Tuesday, June 8, 2010

The way I see it...

Famous in a Small Town
It's hard to be famous. I'm not talking movie star or rock star famous. I'm talking about living in a small town and being in the public eye. City council members. The mayor. Teachers. Principals. Newspaper editor. None of it is easy.

My experience with this started at a very early age. My parents were both varsity coaches. Can you imagine? For the most part, it was fine and I have good memories of being at the gym or on the softball diamond. However, as I got older, there were times when it did (for lack of a better word) suck.

Fast forward to me in high school and my dad going from a teacher to the high school principal. Nothing like having mean teenagers take out crap on you. My thought was always, my dad wasn't the one that broke the rules, you were, he's just here to enforce them.

Maybe it was just meant to be that I have the job that I do, I don't know. Even though I realize that everyone is entitled to their opinion, sometimes it just gets downright annoying. And frustrating.

While you may disagree with a story I write, a referee's call at a basketball game, or a principal's punishment, you still need to realize one thing: people don't mess up things or do things to make people mad on purpose. 99% of the people in the world aren't mean-spirited, they try to do what they think it best.

Would I get to go out to a farm and tell a farmer how to do their job? What if I headed over to the bank and told them how to run the bank? The thought of that seems a little ridiculous, doesn't it? And yet, there are people who think they are experts everywhere for the jobs that I have mentioned in this article. If those people think they are so good at it, why don't they become a coach, prinicipal, ref, or newspaper editor? There is a lot more to these jobs than you think there is.

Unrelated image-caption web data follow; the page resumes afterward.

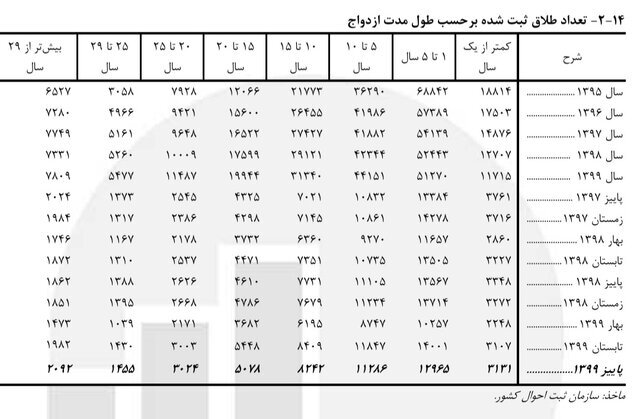 افزایش طلاقهای با طول مدت ازدواجِ بیش از ۲۹ سال در ایران افزایش طلاقهای با طول مدت ازدواجِ بیش از ۲۹ سال در ایران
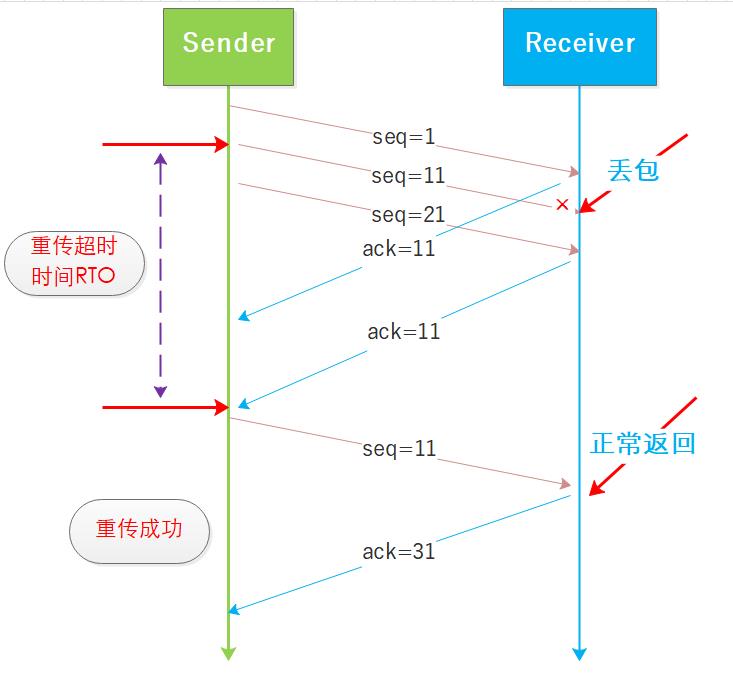 面试热点|理解TCP/IP传输层拥塞控制算法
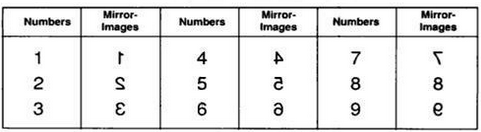 Mirror Images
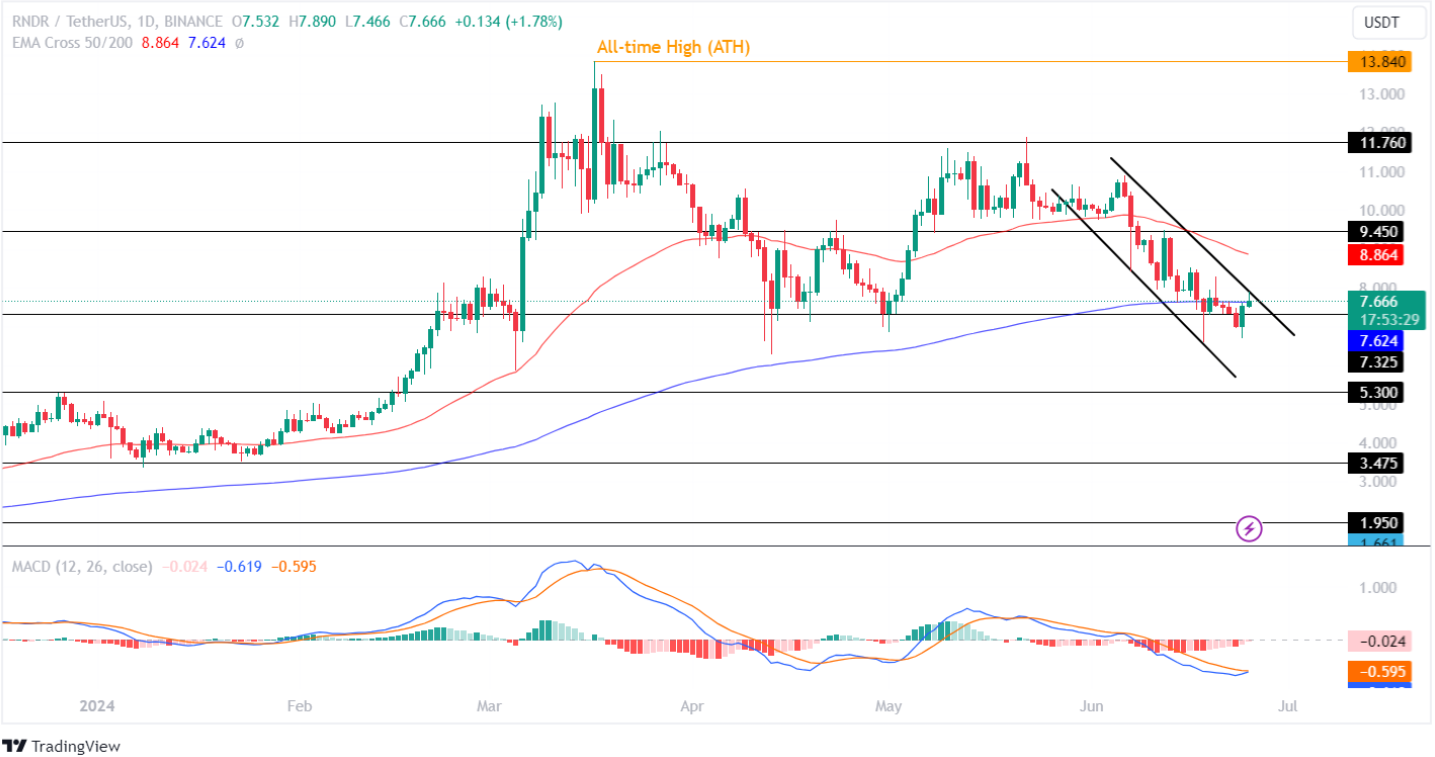 Render (RNDR) Token เพื่อบันทึกการฝ่าวงล้อมการฝ่าวงล้อมเมื่อกราฟเปลี่ยนเป็นกระทิง?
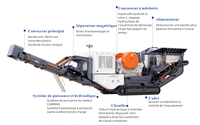 200t/h Station de concassage mobile sur chenilles avec concasseur à mâchoires pour roches dures, concassage et criblage de pierr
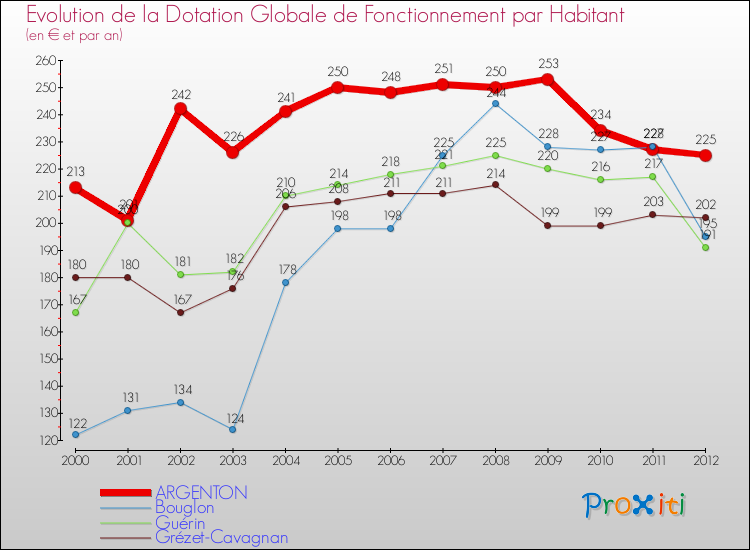 Evolution et montant de la dotation globale de fonctionnement par Habitant pour ARGENTON et les communes proches Comparaison des dotations globales de fonctionnement par habitant pour ARGENTON et les communes voisines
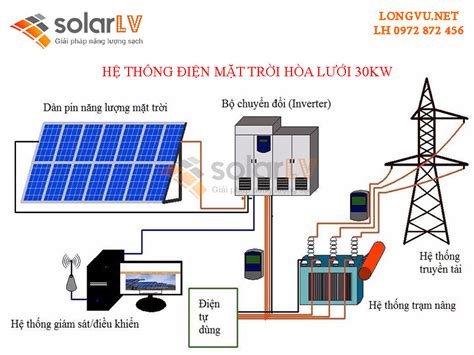 Lắp đặt Hệ Thống điện Mặt Trời Hòa Lưới 30kw Công Ty CpĐt Xd And Tm Long Vũ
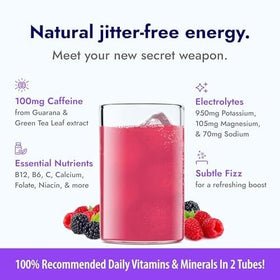 Zipfizz single-serving tubes enable on-the-go daily nutrition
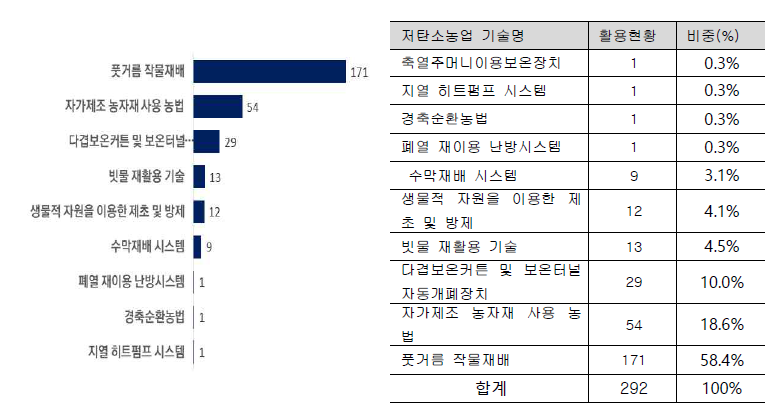 저탄소 농업기술별 활용현황(개) 자료: 2021년 저탄소인증갱신농가현황(한국농업기술진흥원)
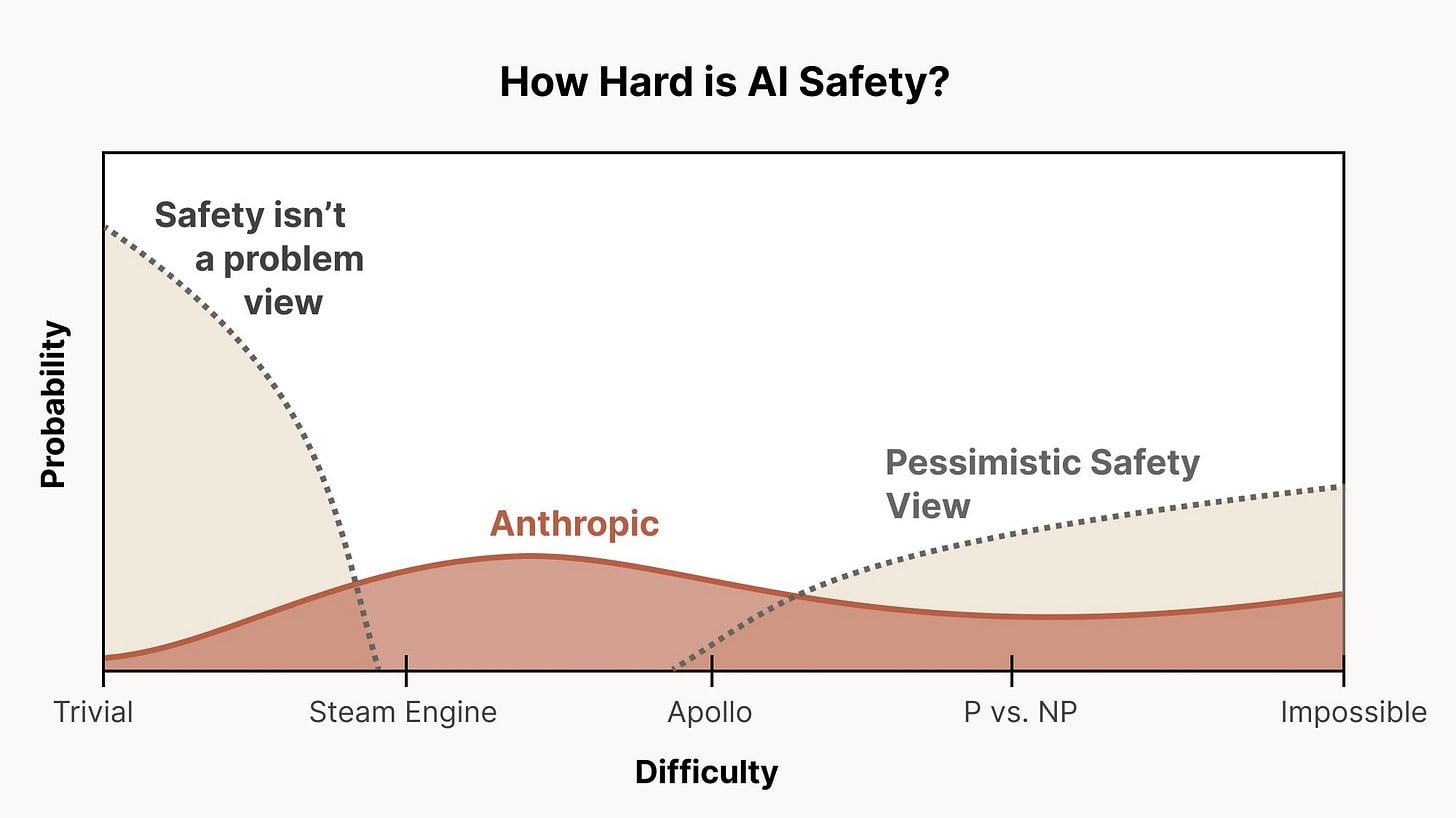 How Hard Is AI Safety? A graph with three distributions over difficulty "Safety isn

You know what's funny? In all of my almost-30 years, I have never, ever met anyone that's perfect. I know I'm far from it. I think people tend to get on their high-horses and forget that simple fact...nobody is perfect. Another thing I think they forget is that the people they are ragging on and complaining about are people too. People with families (just like them) and feelings (just like them). I wish people would remember that the next time they go and run their mouth.

All I'm asking is this. The next time you feel the need to say something negative about somebody and the job their doing, put yourself in their shoes before you do so, it might just make you rethink what you were about to say, but that's just the way I see it.